*** Opening of COLLECTED DATA ***
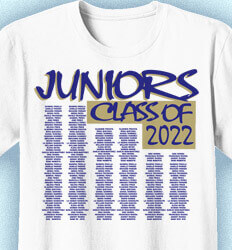 Junior Class Shirts - Lister - desn-190p3
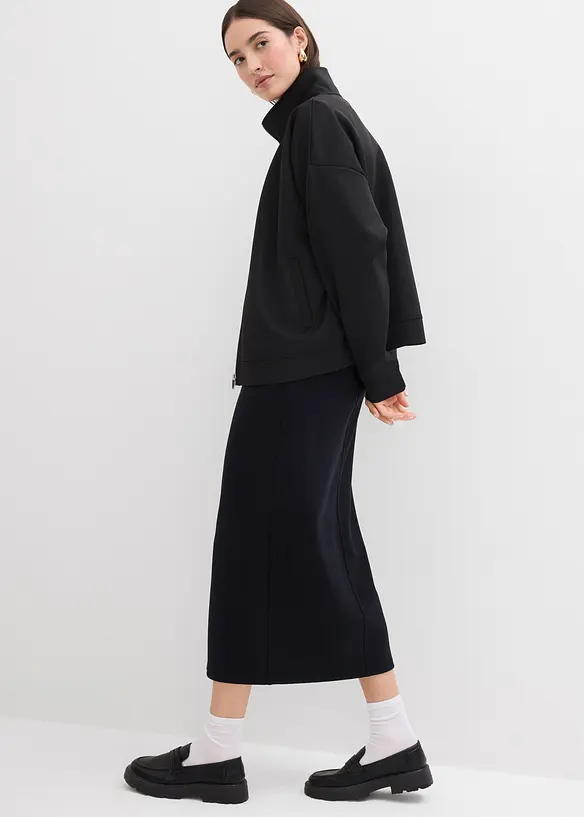 Gonna midi effetto neoprene, bonprix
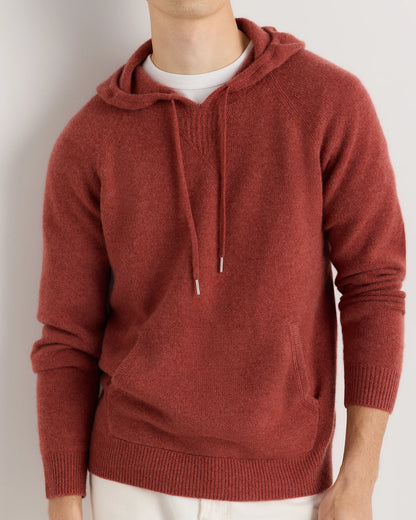 Mongolian Cashmere Pullover Hoodie - XS / Sea Spray Green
*** Close of COLLECTED DATA ***
> [WHAT IS EXPECTED] Your reply should hold every line above exactly as written and none of the pictures.

> [ANSWER SECTION]
 Junior Class Shirts - Lister - desn-190p3
 Gonna midi effetto neoprene, bonprix
 Mongolian Cashmere Pullover Hoodie - XS / Sea Spray Green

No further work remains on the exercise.